Cool recipe, and I really like your picture in those one. My wife loves to make this with sweet potatoes, for some recipe slicing the potatoes so thin is just worth it.
Kevin | economicalchef.com recently posted…Rosemary Dijon Pork Loin
I bet this would be really delicious with sweet potatoes.
Absolutely masterful! I mean, potatoes and gruyère that look this this? Honestly I am loving this idea and it looks incredible Jeff. Really. Wow.

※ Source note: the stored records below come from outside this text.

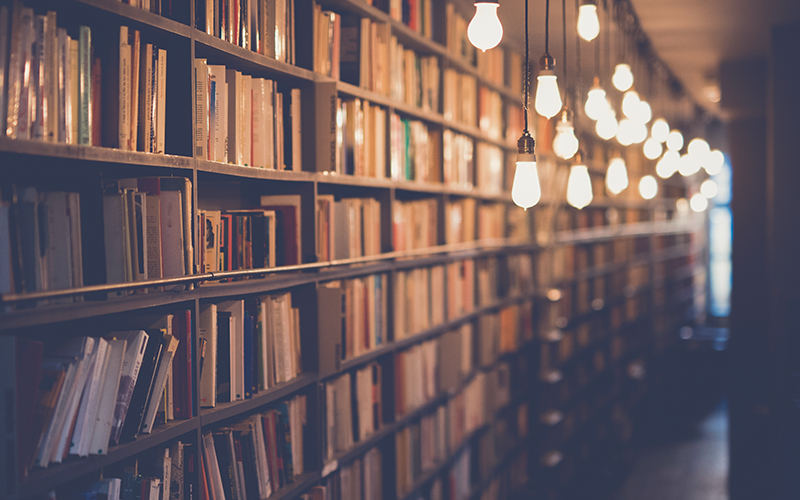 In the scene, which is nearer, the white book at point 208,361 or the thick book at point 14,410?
the thick book at point 14,410

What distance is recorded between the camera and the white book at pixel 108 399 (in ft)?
4.83

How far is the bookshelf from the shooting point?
61.6 inches

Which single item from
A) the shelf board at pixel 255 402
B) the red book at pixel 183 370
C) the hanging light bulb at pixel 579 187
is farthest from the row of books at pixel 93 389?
the hanging light bulb at pixel 579 187

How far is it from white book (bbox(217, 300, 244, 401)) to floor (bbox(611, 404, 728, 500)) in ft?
14.4

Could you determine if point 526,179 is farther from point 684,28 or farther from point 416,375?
point 684,28

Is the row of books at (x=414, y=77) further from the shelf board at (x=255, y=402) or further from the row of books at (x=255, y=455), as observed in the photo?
the row of books at (x=255, y=455)

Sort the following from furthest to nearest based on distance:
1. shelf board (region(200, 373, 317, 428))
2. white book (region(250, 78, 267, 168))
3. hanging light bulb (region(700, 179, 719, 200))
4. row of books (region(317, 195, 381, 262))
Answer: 1. hanging light bulb (region(700, 179, 719, 200))
2. row of books (region(317, 195, 381, 262))
3. white book (region(250, 78, 267, 168))
4. shelf board (region(200, 373, 317, 428))

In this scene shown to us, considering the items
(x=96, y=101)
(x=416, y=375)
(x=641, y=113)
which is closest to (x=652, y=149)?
(x=641, y=113)

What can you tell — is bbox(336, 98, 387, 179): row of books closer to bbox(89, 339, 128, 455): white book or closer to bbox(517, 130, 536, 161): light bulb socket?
bbox(517, 130, 536, 161): light bulb socket

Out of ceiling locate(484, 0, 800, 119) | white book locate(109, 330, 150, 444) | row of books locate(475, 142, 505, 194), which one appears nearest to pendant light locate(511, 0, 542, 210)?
white book locate(109, 330, 150, 444)

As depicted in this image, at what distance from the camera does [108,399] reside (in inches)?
59.3

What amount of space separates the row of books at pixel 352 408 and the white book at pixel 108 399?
1112 mm

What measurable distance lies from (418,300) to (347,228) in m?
0.82

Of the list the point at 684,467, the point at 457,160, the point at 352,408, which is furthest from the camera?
the point at 684,467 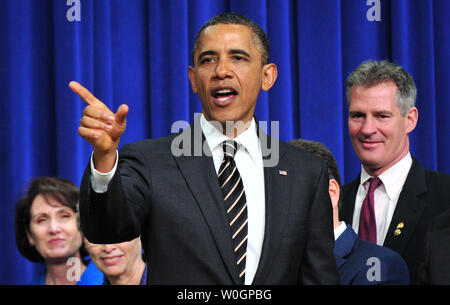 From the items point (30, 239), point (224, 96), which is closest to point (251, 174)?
point (224, 96)

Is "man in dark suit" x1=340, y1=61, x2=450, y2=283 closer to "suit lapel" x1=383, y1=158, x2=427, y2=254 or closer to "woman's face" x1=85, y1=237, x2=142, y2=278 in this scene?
"suit lapel" x1=383, y1=158, x2=427, y2=254

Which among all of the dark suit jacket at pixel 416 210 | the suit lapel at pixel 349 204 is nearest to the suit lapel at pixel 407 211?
the dark suit jacket at pixel 416 210

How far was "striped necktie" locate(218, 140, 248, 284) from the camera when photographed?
1390 millimetres

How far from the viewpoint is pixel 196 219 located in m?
1.37

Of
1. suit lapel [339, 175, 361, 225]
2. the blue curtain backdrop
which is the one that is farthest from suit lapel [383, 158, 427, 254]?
the blue curtain backdrop

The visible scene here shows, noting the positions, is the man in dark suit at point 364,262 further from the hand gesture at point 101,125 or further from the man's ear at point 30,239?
the man's ear at point 30,239

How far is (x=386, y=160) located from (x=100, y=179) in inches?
54.3

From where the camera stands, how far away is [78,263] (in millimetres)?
2613

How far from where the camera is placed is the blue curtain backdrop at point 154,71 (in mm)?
2961

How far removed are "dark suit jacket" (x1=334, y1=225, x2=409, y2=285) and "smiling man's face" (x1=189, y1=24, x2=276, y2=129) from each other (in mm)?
605

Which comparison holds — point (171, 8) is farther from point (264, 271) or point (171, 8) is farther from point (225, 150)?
point (264, 271)

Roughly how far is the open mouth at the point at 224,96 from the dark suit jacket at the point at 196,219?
3.9 inches

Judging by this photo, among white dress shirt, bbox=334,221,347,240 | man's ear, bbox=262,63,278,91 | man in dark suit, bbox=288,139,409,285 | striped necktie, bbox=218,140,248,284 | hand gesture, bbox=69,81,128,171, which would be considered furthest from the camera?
white dress shirt, bbox=334,221,347,240

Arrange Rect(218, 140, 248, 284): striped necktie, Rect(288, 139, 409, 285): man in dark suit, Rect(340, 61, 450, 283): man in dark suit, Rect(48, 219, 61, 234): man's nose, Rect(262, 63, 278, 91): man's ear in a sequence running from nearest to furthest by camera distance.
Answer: Rect(218, 140, 248, 284): striped necktie
Rect(262, 63, 278, 91): man's ear
Rect(288, 139, 409, 285): man in dark suit
Rect(340, 61, 450, 283): man in dark suit
Rect(48, 219, 61, 234): man's nose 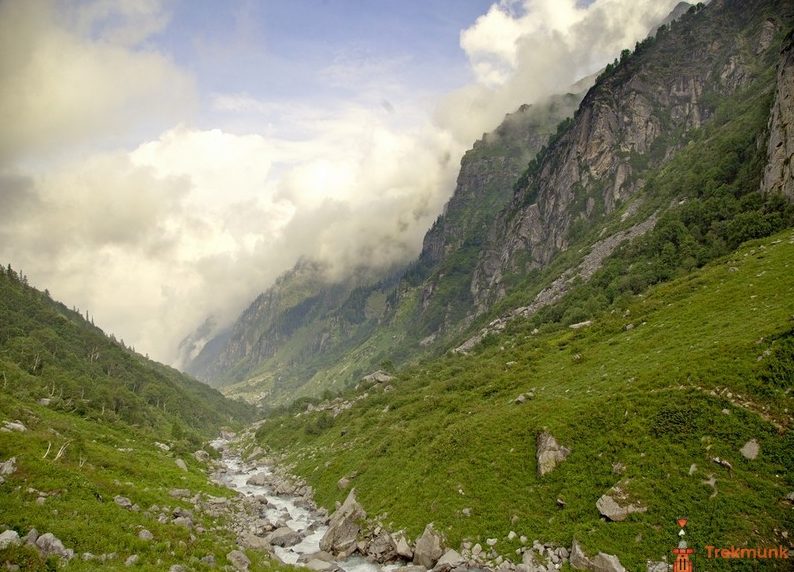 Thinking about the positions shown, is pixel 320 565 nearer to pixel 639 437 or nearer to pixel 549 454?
pixel 549 454

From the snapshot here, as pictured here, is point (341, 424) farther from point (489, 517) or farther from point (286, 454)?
point (489, 517)

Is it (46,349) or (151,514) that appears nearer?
(151,514)

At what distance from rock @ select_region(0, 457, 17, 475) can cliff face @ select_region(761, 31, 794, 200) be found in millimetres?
113015

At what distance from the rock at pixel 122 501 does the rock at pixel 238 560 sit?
10211 millimetres

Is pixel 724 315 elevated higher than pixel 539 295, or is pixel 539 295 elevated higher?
pixel 539 295

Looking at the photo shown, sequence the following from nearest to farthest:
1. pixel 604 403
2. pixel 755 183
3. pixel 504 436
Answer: pixel 604 403
pixel 504 436
pixel 755 183

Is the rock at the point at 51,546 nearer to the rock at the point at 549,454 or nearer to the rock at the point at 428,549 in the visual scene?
the rock at the point at 428,549

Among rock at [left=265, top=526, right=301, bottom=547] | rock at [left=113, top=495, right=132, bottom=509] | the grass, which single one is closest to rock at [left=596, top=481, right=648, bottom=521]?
the grass

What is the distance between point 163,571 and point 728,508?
34.9 metres

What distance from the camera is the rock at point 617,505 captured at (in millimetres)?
31672

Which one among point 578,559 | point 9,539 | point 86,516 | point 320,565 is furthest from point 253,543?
point 578,559

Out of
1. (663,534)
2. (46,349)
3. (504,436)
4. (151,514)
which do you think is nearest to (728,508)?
(663,534)

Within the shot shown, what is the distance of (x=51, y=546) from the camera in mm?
22156

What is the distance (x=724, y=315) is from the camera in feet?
170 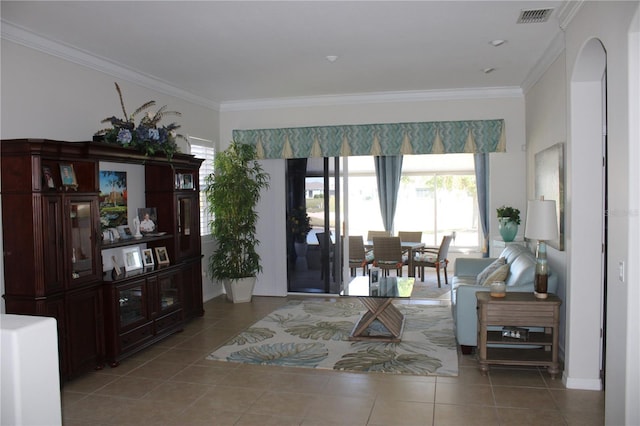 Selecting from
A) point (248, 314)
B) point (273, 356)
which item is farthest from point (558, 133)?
point (248, 314)

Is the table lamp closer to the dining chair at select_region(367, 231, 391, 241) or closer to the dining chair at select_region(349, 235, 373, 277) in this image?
the dining chair at select_region(349, 235, 373, 277)

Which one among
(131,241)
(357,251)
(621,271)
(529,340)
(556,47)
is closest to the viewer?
(621,271)

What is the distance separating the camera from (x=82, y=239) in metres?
4.29

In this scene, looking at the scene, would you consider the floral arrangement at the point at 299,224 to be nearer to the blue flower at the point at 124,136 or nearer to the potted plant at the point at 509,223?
the potted plant at the point at 509,223

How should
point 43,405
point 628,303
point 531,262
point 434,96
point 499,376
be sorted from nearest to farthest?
point 43,405 < point 628,303 < point 499,376 < point 531,262 < point 434,96

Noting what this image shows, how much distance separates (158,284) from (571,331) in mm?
3890

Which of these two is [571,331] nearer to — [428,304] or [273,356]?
[273,356]

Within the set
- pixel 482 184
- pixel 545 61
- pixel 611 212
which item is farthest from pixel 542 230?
pixel 482 184

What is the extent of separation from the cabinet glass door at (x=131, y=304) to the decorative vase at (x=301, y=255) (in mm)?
3088

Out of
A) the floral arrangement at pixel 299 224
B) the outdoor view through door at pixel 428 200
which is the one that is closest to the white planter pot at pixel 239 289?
the floral arrangement at pixel 299 224

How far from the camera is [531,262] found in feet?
15.2

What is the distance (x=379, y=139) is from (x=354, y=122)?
0.46 meters

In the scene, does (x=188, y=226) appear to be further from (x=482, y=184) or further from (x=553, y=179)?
(x=482, y=184)

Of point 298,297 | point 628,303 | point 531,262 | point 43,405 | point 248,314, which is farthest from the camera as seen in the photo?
point 298,297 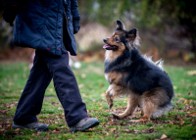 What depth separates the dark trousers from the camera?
17.3ft

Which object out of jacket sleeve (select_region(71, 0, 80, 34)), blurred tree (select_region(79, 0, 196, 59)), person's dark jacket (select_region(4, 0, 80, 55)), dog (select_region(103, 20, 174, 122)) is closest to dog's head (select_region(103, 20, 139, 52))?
dog (select_region(103, 20, 174, 122))

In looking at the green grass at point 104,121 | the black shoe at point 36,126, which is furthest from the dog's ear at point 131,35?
the black shoe at point 36,126

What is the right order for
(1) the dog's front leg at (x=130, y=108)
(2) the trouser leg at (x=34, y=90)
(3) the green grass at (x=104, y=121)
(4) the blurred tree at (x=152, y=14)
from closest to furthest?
(3) the green grass at (x=104, y=121) < (2) the trouser leg at (x=34, y=90) < (1) the dog's front leg at (x=130, y=108) < (4) the blurred tree at (x=152, y=14)

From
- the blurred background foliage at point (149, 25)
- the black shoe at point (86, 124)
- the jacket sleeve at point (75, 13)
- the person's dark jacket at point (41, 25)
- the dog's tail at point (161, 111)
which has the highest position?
the blurred background foliage at point (149, 25)

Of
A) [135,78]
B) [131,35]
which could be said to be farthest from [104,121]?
[131,35]

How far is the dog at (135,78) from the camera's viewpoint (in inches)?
243

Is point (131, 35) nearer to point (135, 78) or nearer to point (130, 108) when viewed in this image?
point (135, 78)

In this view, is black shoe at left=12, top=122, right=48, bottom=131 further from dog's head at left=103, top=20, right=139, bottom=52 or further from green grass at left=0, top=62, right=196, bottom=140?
dog's head at left=103, top=20, right=139, bottom=52

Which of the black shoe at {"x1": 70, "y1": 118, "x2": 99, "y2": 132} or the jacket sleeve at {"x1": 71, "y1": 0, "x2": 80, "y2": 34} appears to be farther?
the jacket sleeve at {"x1": 71, "y1": 0, "x2": 80, "y2": 34}

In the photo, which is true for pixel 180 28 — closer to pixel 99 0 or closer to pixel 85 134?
pixel 99 0

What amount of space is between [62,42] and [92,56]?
12.5m

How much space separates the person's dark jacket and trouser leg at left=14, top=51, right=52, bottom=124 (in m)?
0.47

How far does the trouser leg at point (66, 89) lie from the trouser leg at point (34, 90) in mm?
351

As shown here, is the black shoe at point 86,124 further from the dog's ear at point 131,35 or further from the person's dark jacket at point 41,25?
the dog's ear at point 131,35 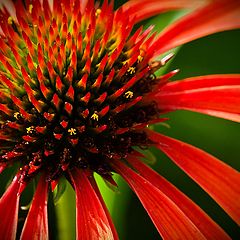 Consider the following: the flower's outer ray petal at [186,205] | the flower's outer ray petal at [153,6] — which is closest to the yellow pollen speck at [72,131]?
the flower's outer ray petal at [186,205]

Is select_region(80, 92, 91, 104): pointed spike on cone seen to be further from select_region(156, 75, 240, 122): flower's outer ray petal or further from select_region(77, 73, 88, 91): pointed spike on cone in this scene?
select_region(156, 75, 240, 122): flower's outer ray petal

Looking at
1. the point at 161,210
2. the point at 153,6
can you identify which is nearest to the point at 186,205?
the point at 161,210

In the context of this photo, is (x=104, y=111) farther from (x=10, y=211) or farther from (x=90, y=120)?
(x=10, y=211)

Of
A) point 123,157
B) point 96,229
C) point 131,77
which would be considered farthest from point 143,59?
point 96,229

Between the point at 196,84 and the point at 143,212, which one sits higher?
the point at 196,84

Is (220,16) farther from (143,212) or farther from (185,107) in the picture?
(143,212)

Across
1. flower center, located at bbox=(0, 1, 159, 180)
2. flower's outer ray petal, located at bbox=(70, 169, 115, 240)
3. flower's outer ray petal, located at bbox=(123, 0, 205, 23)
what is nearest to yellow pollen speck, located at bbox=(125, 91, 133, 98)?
flower center, located at bbox=(0, 1, 159, 180)

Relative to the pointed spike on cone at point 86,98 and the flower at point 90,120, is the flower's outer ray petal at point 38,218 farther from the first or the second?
the pointed spike on cone at point 86,98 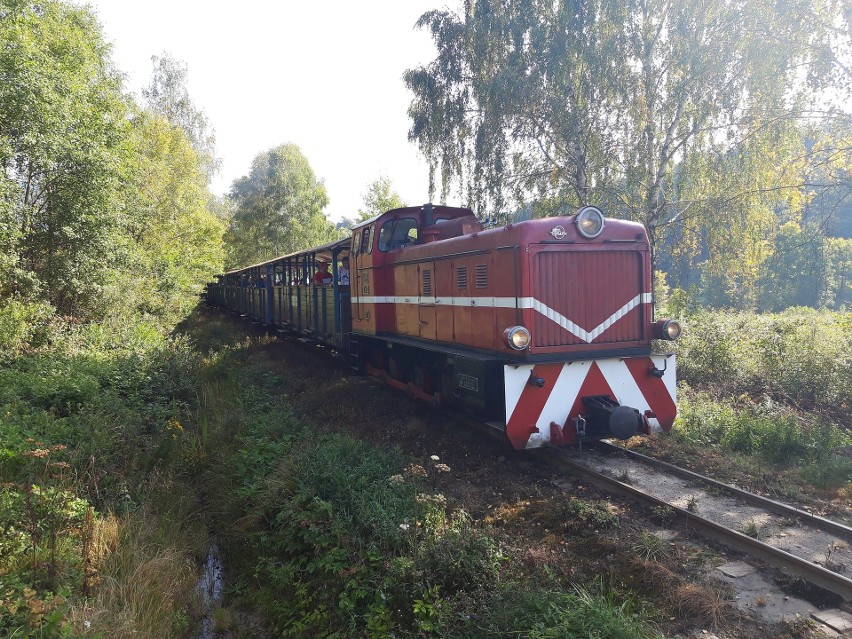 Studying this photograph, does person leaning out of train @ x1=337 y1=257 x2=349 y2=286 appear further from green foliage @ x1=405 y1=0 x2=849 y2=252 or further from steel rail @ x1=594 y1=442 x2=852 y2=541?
steel rail @ x1=594 y1=442 x2=852 y2=541

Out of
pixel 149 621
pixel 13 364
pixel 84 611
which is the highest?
pixel 13 364

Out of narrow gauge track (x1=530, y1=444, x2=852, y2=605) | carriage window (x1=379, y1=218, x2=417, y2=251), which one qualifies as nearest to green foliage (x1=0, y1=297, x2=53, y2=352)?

Kevin | Keviniscooking recently posted…Breakfast Stuffed Peppers
Thanks!
What can I say…I’m loving these potatoes. I’ve pinned so I can come back to the recipe. My only problem will be resisting eating more than my share. 😀
Karen (Back Road Journal) recently posted…Spinach And Cheese Stuffed Shells With Two Sauces
Tell me about it!
Oh my gosh this looks amazing! The cheeses and cream would make this one decadent dish, and I love the way your tightly put them in the pan. I am a skin on lover too!
Julie recently posted…Popeye Approved Vegetarian Spinach Power Salad
Thanks, Julie. I think the skins add a lot to the texture. They really get crispy.
I love recipes where it says to use all the butter. And I love potatoes. Just give me the fork and make me happy!
Thank you. I smiled to myself as I wrote that line.
What’s not to love about these spuds, Jeff. What a great way to prepare them, both au gratin and Hasselback.
Thanks!
Hasselback potatoes are one of favourites, although I usually make it with lemon, garlic and olive oil. I love that you made them into a gratin. I have never seen them as a skillet recipe, my usual hasselbacks are individual servings, and I don’t usually cut the potato all the way through (as an aside, I found an amazing hack to keep the slices the same depth) but I love using the mandoline which would make this dish a cinch! I’m bookmarking for Easter Celebrations, for sure!
Eva Taylor recently posted…Chicken “Schnitzel” with Roasted Garlic Cauliflower Mash
Yes, exactly … this is a mash-up of hasselbacks and gratin. And it really has the best of both worlds. On top, it’s got the crunchy chewiness of a hasselback, but then on bottom, the rich – almost velvety – comfort-foodiness of a gratin.